And you point is? Excess head-space and over-pressure resulted in the catastrophic failure of the cartridge resulting in damage to the cocking piece and little else. Are you saying that a pierced primer and case separation on a .303 would had any less of a result?

Ross rifle are well regarded for being incredibly strong. SSapach made the grave mistake of cutting the chamber too deep and not fixing it before the rifle was fired. The rifle did it's job and contain the majority of the dangerous pressure. While the cocking piece provides no protection unlike that of a Mauser design, the rifle did not suffer a catastrophic failure and the operator was spared potentially greater harm.

Check the receiver and bolt so see if there is any deformation. Likely both are fine, but I would not try firing it until that is checked. How easily did the remnants of the cartridge extract?
 
The stories of the legendary strength of the Ross were mainly talking about the MkIII action IMHO. The 1905 action was designed around the Mk VI .303 cartridge, not sure what the cup was of that but certainly less than 60,000. I dont think I've ever heard anyone talking of the giant strength of the 1905 action.
Actually, I think this was the first time I've heard of anyone being able to duplicate that odd buttress barrel thread and actually make a different barrel for one!

At any rate, glad there was no injury to the shooter.
 
No injury, the pieces of the cocking mechanism came back and hit me but it wasn't very hard at all. I was actually bracing the rifle against my leg, rather than shoulder, when I fired it.

I knew I cut the chamber too deep and I tried to rectify it, but apparently just not enough. I cut some material off the breech of the barrel and cut a little more off the shoulder in front of the threads, but of course in my excitement for having the barrel chambered and fitted to the rifle, I wanted to fire it even though the "no-go" gauge would chamber in the rifle. Yup, pretty much my impatience and me not wanting to do a proper chamber.....not going to try to hide that one.

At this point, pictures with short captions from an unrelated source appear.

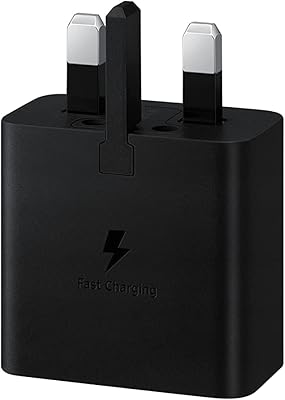 SAMSUNG 15 W PD AC adapter, USB-C, black, EP-T1510XBEGGGB, single size charger, single size.. Click, pay, receive — DIAYTAR Nigeria makes online shopping seamless.
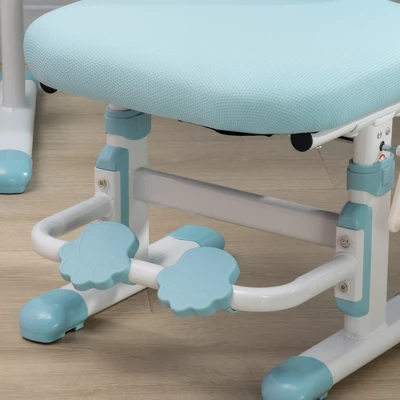 Qaba Ergonomic Kids Desk Chair With Thick Cushioning & Height Adjustment, Kids Computer Chair, Childrens Chair, Kids Office Chair & Study Chair 5 Qaba Ergonomic Kids Desk Chair With Thick Cushioning & Height Adjustment, Kids Computer Chair, Childrens Chair, Kids Office Chair & Study Chair - Image 5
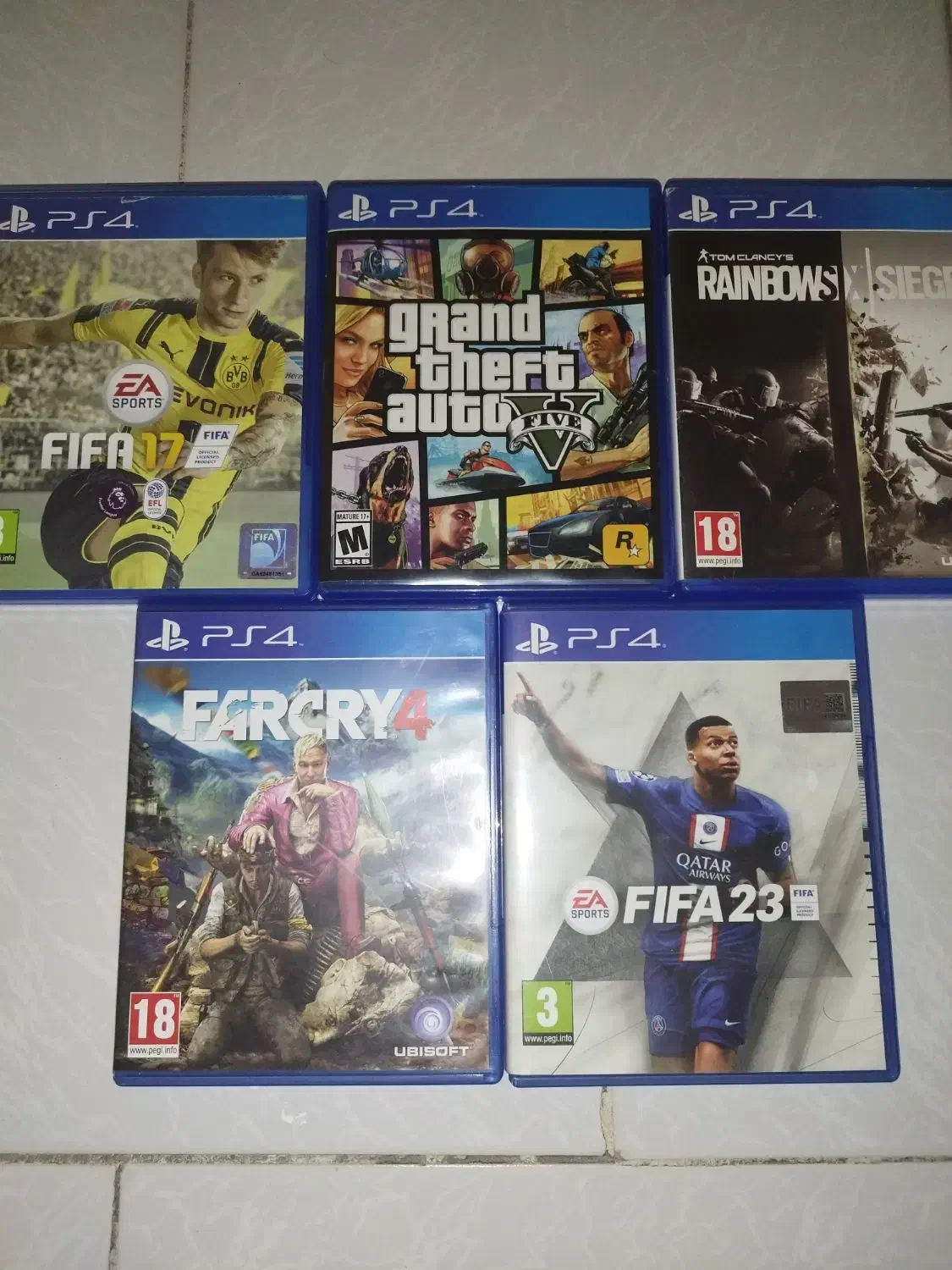 ps4 فت|کنسول، بازی ویدئویی و آنلاین|تهران, دهقان|دیوار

In my quick look over of the parts, the firing pin seems to be a little bent from this episode, but nothing else seemed deformed. But I'm no expert, so there could be other issues that I can't see with the naked eye.

Big problem with this 1905 barrel thread is that when you cut back the shoulder and breech to try to correct a deep chamber, you loose the notch for the set screw that holds the barrel in place. I can weld onto the set screw to extend it a little bit, but only so much before the notch in the barrel thread is out of reach. Then the set screw won't hold the barrel in place. These course threads don't exactly hold very well on their own either, a little shaking or bumping will loosen it up pretty quickly without that set screw.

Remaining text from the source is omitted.